__Supplied material__
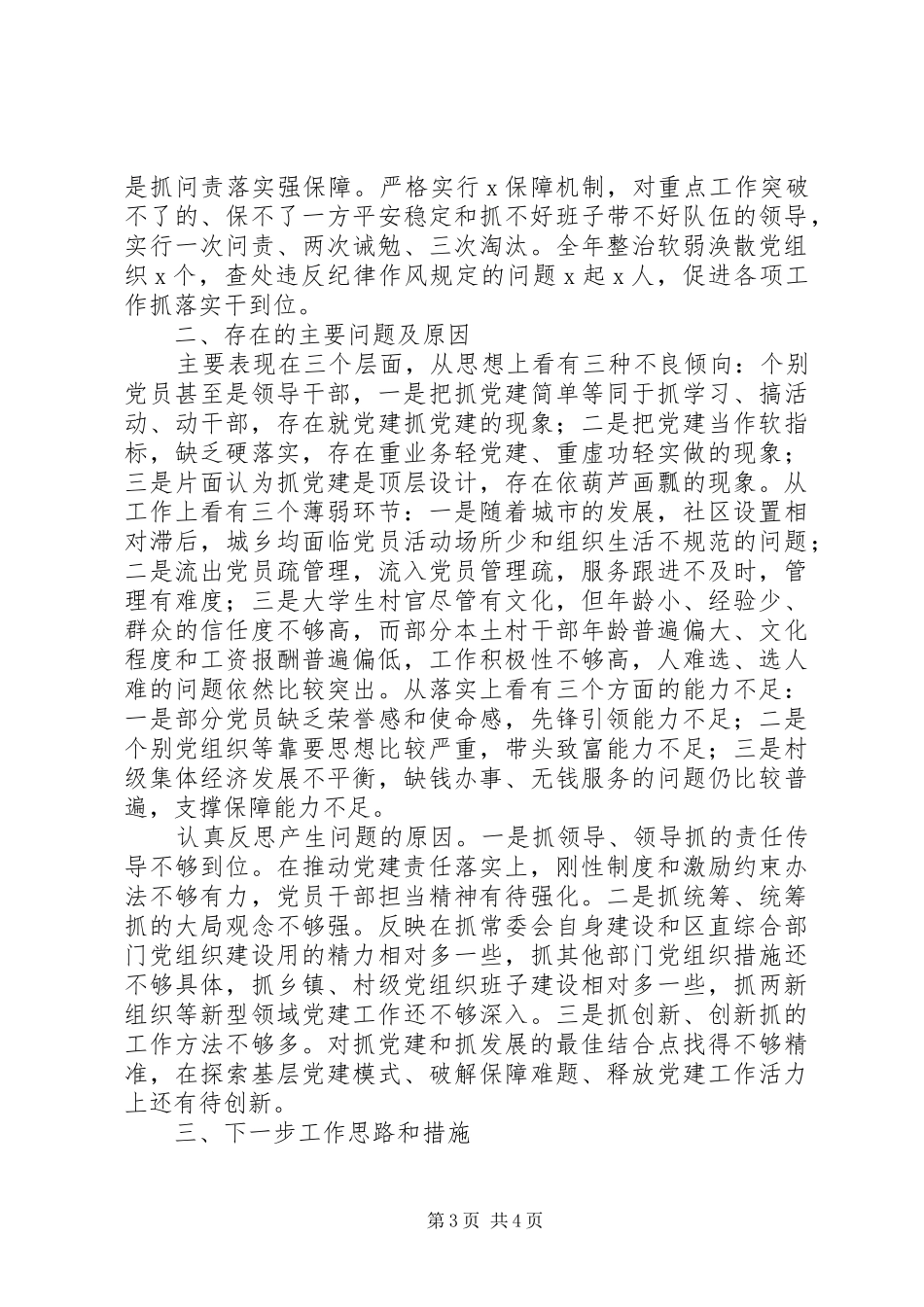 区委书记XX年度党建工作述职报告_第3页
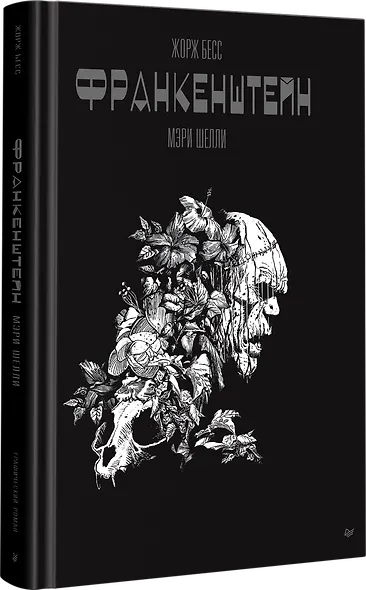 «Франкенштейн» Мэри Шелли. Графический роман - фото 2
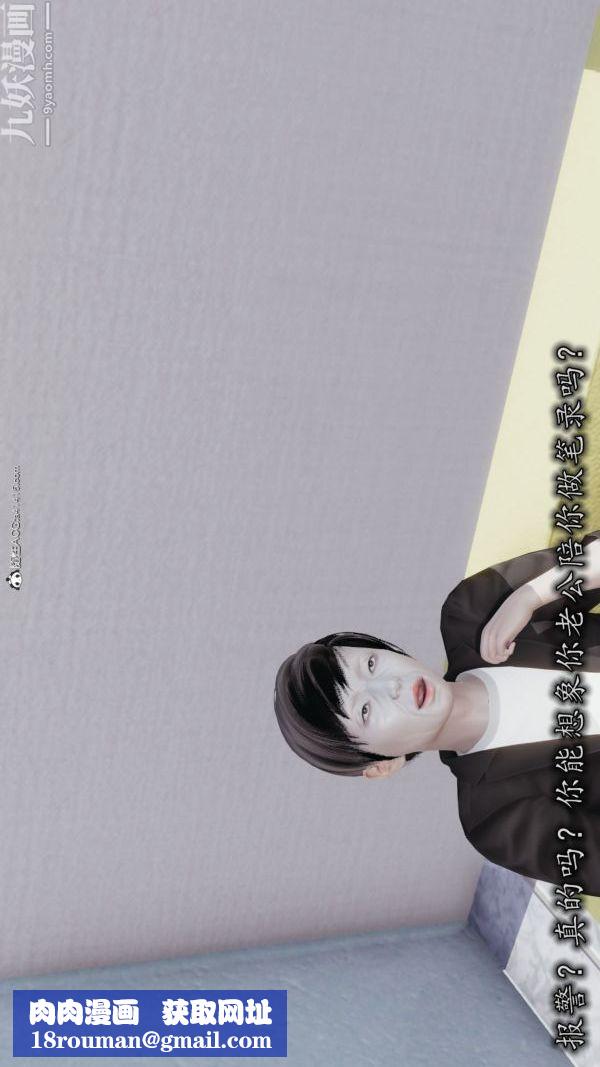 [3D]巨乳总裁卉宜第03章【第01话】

__Exercise brief__
Would you return the data exactly as written, without the pictures?

__Response area__
 区委书记XX年度党建工作述职报告_第3页
 «Франкенштейн» Мэри Шелли. Графический роман - фото 2
 [3D]巨乳总裁卉宜第03章【第01话】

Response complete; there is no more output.